Maybe that is why I am starving. :) It's the start of my 24th day in ISA. I am kinda bummed the scale didn't go down when I got on it this morning. It was up a pound. Seriously, frustrating. But also motivating. It means that I need to just keep going on and going strong. I really felt the difference with my jeans this morning. No longer did I need a rubber band on the button to give me room. I can sit in them, button closed and am in no discomfort at all. That is the positive I am rolling with today. Tomorrow is my actual WI day and will log whatever number is in there.
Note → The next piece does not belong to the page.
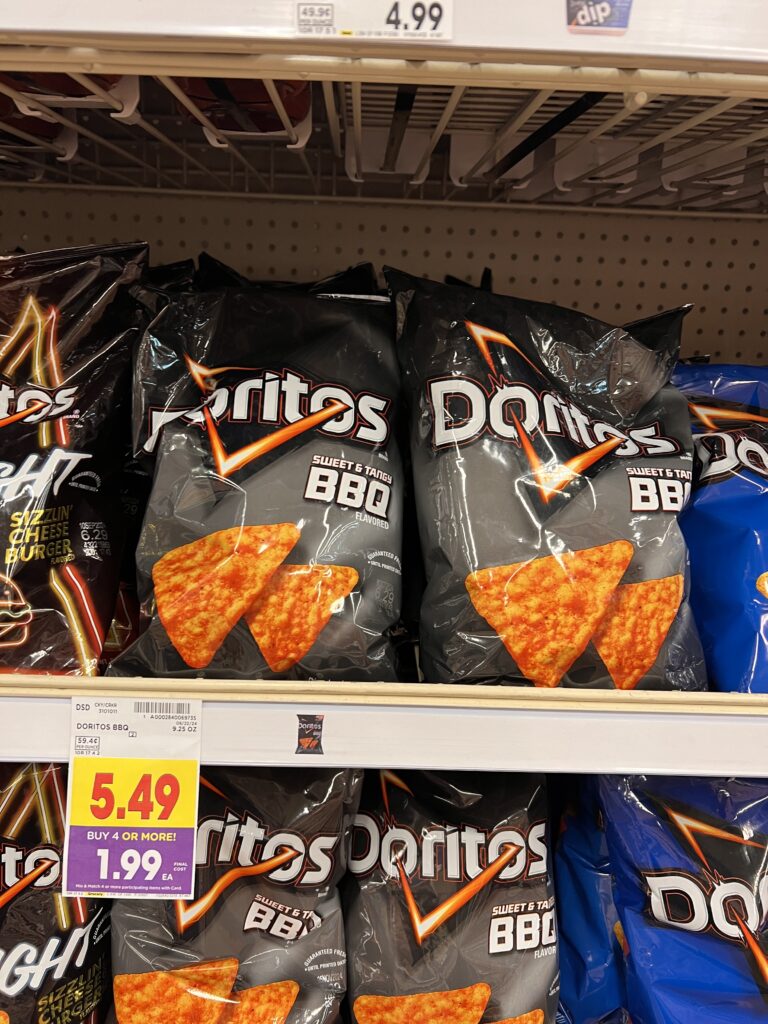 ruffles, doritos, fritos, sunchips kroger shelf image (1)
I actually surprised myself today. I went to get my oldest from camp and while waiting for her, whipped up my lunch shake in the car. Impressive. Then we went to Denny's for dinner. I did ok there. Ended up being only 41 calories over for the day. If I had went for a walk that wouldn't of even been a issue.
Now my frustrations tonight are from the DH making a comment that he hasn't noticed a change in me at all. Just rubs me the wrong way. Like maybe he should of kept his mouth shut and never said anything at all. But to be honest, he has no idea that what weight I started at or about the 10 pounds I have lost already-in less than a month.
So I started cranky cause I scale peaked and was let down. Then I was flying high cause I looked pretty good in my jeans that I didn't need a button for anymore. And then now I am brought back down. This is a hard struggle. Lots of ups and downs.
And yes, I do notice and see a change!